Такой истинный аффект унылого (антитетического) всеобщего невозможен при методическом познании, присваивающем понятия и вещи. Но есть параллель такому подходу в биографических исследованиях, где жизнь человека представляется как ряд озарений, причём подлинность биографической жизни выглядит как копия этого озарения: характер человека есть данность лишь потому, что он копия внутренних побуждений, пусть даже пробужденных воспитанием. Другое дело, что любое размышление над понятой так биографией будет показывать упадок существования индивидов с присвоенными им характерами и привычками.
Поэтому биографические исследования в рассматриваемом издании имеют в виду не столько жизнь, которая может быть просто рядом утверждений, тезисов, проявлений человека, но посмертный синтез, когда человек остался только как слепок с самого себя, как монументальный след. Но именно этот след подлинный, так как перед смертью нельзя солгать, она все выявляет, и умирание и оказывается аффектом правды происходящего всемирно значимого события смерти:
«святой» пастырь вызывает к себе подражание едва ли даже не сильнее по смерти, чем при жизни [Заозерский, 1911, c. 76].

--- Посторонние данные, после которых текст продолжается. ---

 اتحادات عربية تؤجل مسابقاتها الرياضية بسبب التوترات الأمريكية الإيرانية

Тень убедительнее живого человека потому, что не знает частностей, а повинна лишь общему закону смерти и открытости бытия человека перед смертью, равно как и аффективного открытия всех обстоятельств жизни смертью. Эта открытость вполне органична, и интереснее всего, что она становится и программой развития современного искусства. В путевых заметках из Апулии Н.Д. Протасов как итог наблюдений предлагает копировать изученные им византийские фрески как «идейно-художественное» [Протасов, 1914, c. 40] выражение византийского письма для нового русского храма в Бари.

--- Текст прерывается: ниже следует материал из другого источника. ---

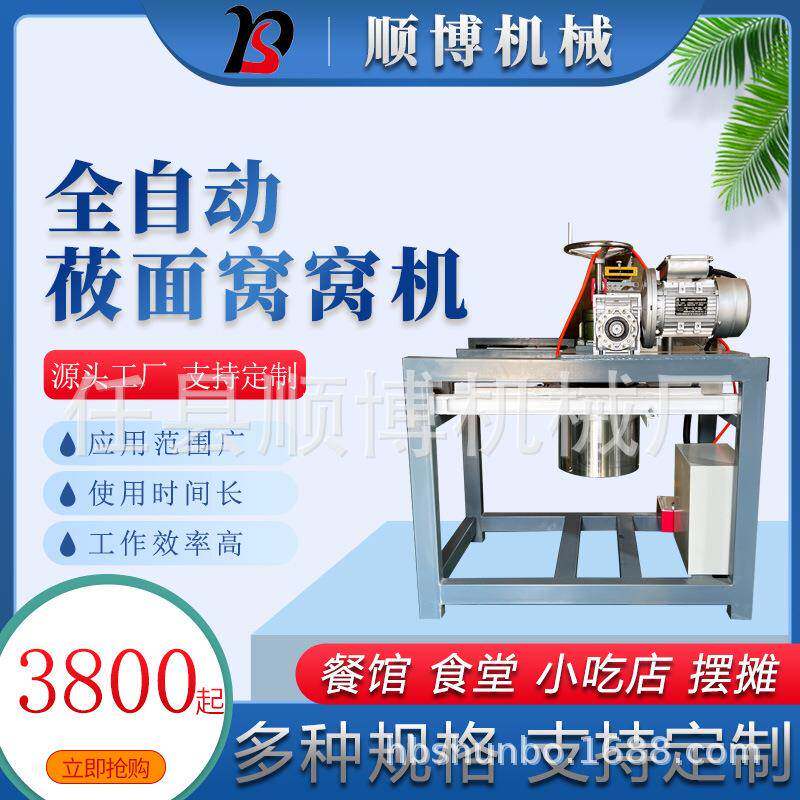 不锈钢材质商用莜面窝窝机多种模具可选商用全自动生产致富设备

Заинтересованно изученные фрески уже вне времени, потому копия будет не фактом или событием копирования или подражания, но обличением неправды тех, кто не умеет выражать намерения как общие для разных эпох и культур. Копия если не актуальнее оригинала, то правдивее его.
Писание как копия
Писание в таком случае тоже правдиво именно тогда, когда оно функционирует как копия, а не как оригинал, как тираж, а не как уникальное сообщение. В.Н. Страхов, указывая на универсальный символический смысл библейских событий для истории, объясняет его не характером этого смысла, но созданием Нового Завета во времена доепископальной церкви [Страхов, 1911, с. 82]: участие апостолов не давало ни одному епископу утвердиться, назвать себя великим. Следовательно, Писание приобретало силу примера, тиражируемого в каждом месте конфликта.
Эту силу в более позднее время могли бы присвоить себе епископы, поэтому главная задача Писания в епископскую эпоху – быть критерием правильности вероучения самих епископов, органической жизнью Церкви в противовес частным конфликтам отдельных людей. Такое Писание и оказывается головокружительным синтезом идей и созерцаний.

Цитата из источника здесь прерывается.